STMicroelectronics N.V. (STM) announced that together with its partners Intel Corp. (INTC) and Francisco Partners, it has entered into a definitive agreement with Micron Technology Inc. (MU), in which Micron will acquire Numonyx Holding B.V. in an all-stock transaction. The Flash memory joint venture was created by the partners on Mar 30, 2008. 

This transaction ensures sustainable continuity to customers and employees of what had been, before the creation of Numonyx, ST’s Flash memory business, and it opens a short-term path to liquidity for ST’s equity investment. 

At closing Micron will issue to Numonyx’ three shareholders an aggregate of 140 million shares of Micron common stock, plus up to 10 million additional shares if the volume weighted average price of Micron’s common stock for the 20 trading days, ending two days prior to closing, is lower than $9.00 per share. Micron shares will be held by ST as a financial investment. 

Based on Micron’s current trading price of $9.08 per share, ST will receive in exchange for its 48.6% stake in Numonyx and the cancellation of the 30-year note due to ST by Numonyx approximately 66.6 million shares of Micron common stock (taking into account a payable of $77.8 million due by ST to Francisco Partners) and the transfer of the M6 industrial facility in Catania, Italy. ST plans to contribute the M6 facility to the new photovoltaic joint initiative among Enel, Sharp and ST. 

Also at closing, Numonyx will redeem the full amount of its outstanding $450 million term loan, while simultaneously terminating the guarantee of the $225 million debt issued by ST. Based on the current Micron trading price of $9.08 per share, the value of the Micron shares allocated to ST, net of the payable to Francisco Partners, would be approximately $527 million and the overall consideration would result, at the closing, in a gain for ST of about $280 million. 

ST’s exit from the Flash memory business, including the termination of its exposure to the guaranteed debt, is a further step in executing its strategy towards a focused and less capital-intensive business model.
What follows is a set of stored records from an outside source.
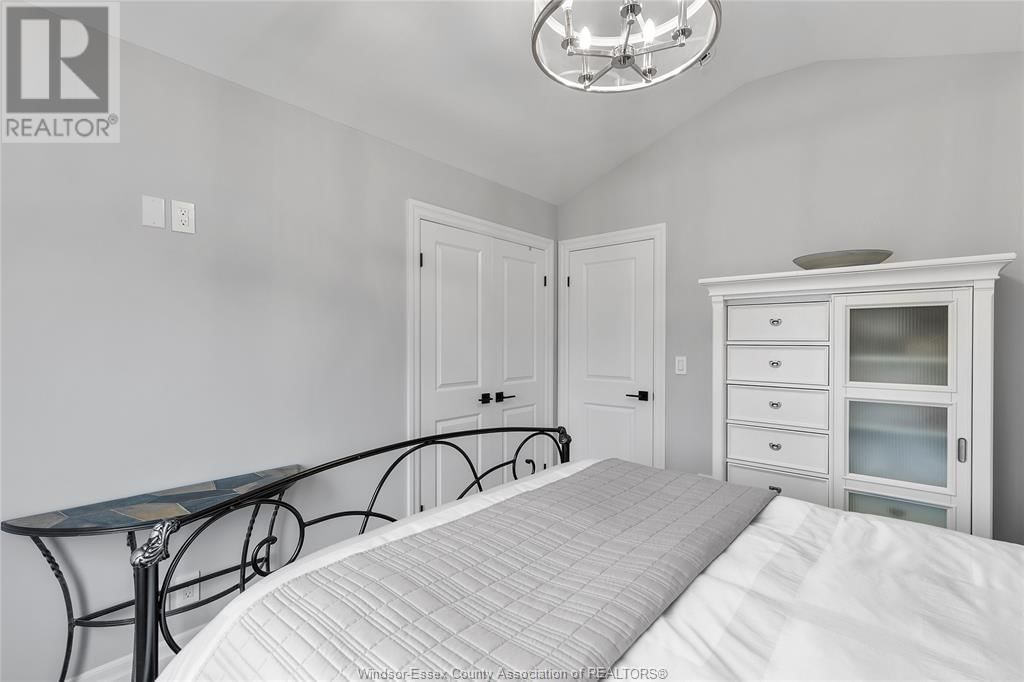182 MAXWELL Image 21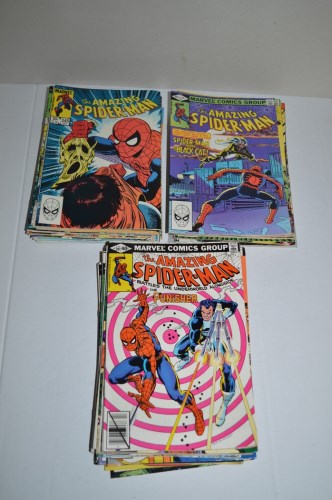 Lot 1036 - The Amazing Spider-Man, sundry issues between...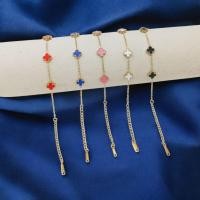 ราคา VCA FLOWER GOLD CHAIN TITANIUM BRACELET 0.9 CM (42080761332)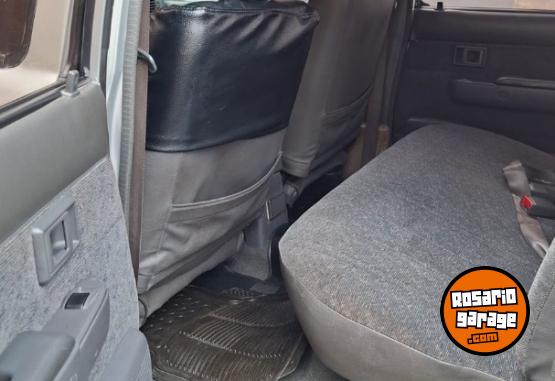 Camionetas - Toyota Hilux 2003 Diesel 450000Km - En Venta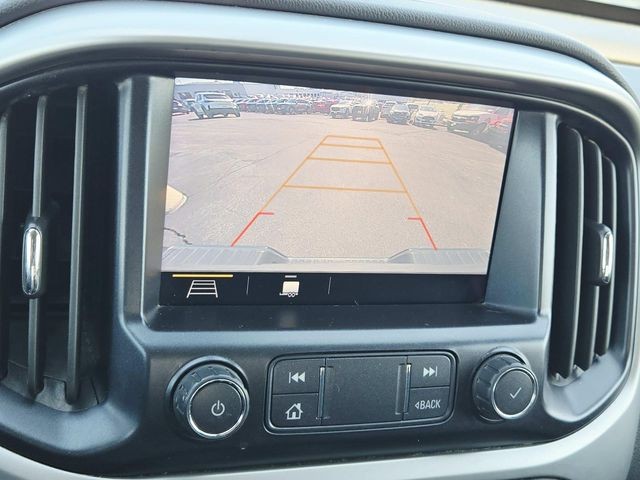 Chevrolet Colorado Vehicle Full-screen Gallery Image 24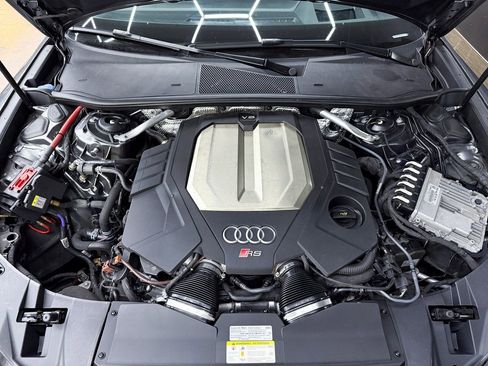Used 2021 Audi RS 6 image 28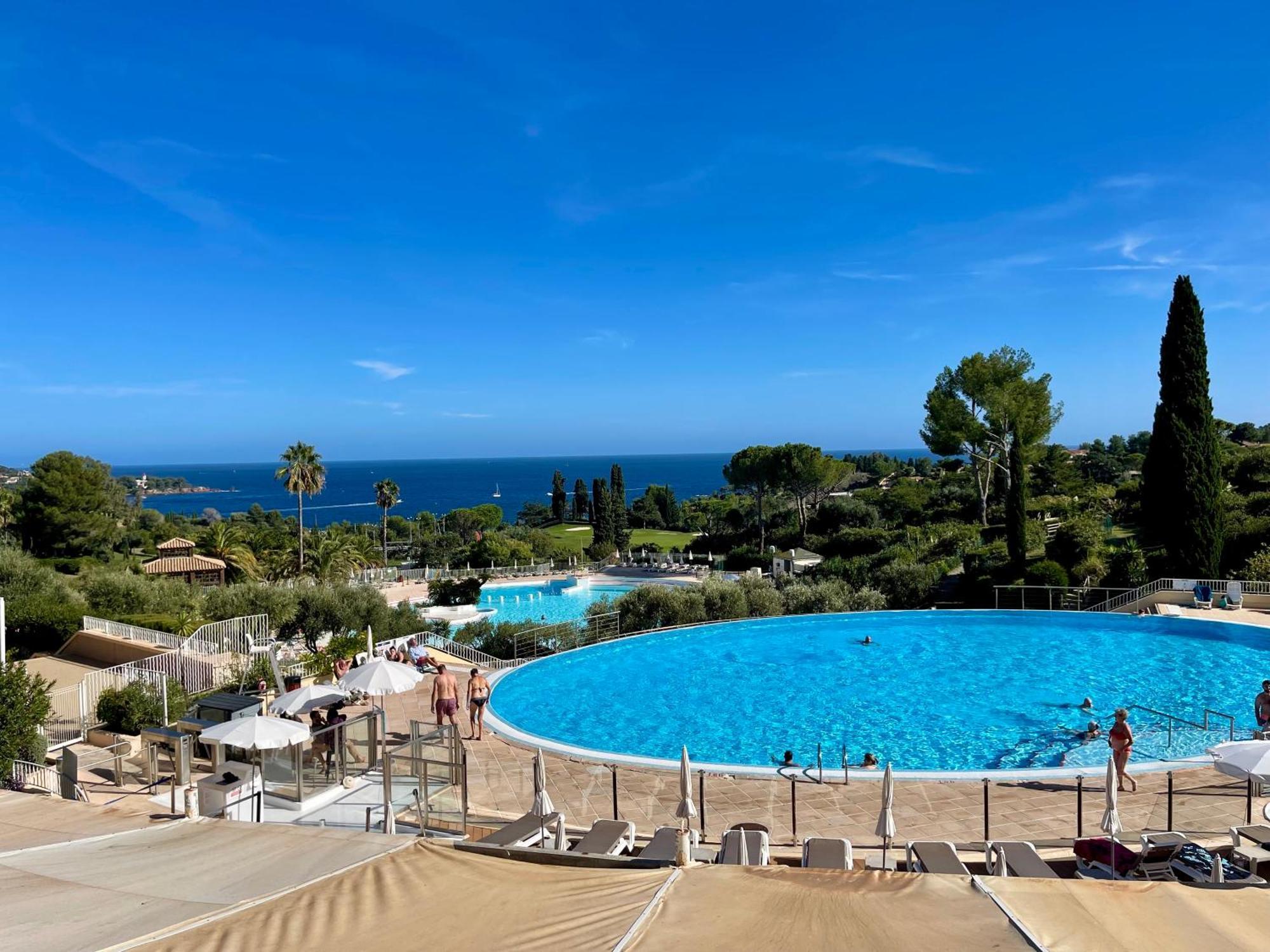 Village Cap Esterel, Piscine, Plage Saint-Raphaël エクステリア 写真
The transaction is subject to regulatory review and other customary closing conditions and is not subject to Micron stockholder approval. 

STMicroelectronics, an independent semiconductor company, together with its subsidiaries, designs, develops, manufactures, and markets semiconductor products used in various microelectronic applications, including automotive products, computer peripherals, telecommunications systems, consumer products, industrial automation, and control systems.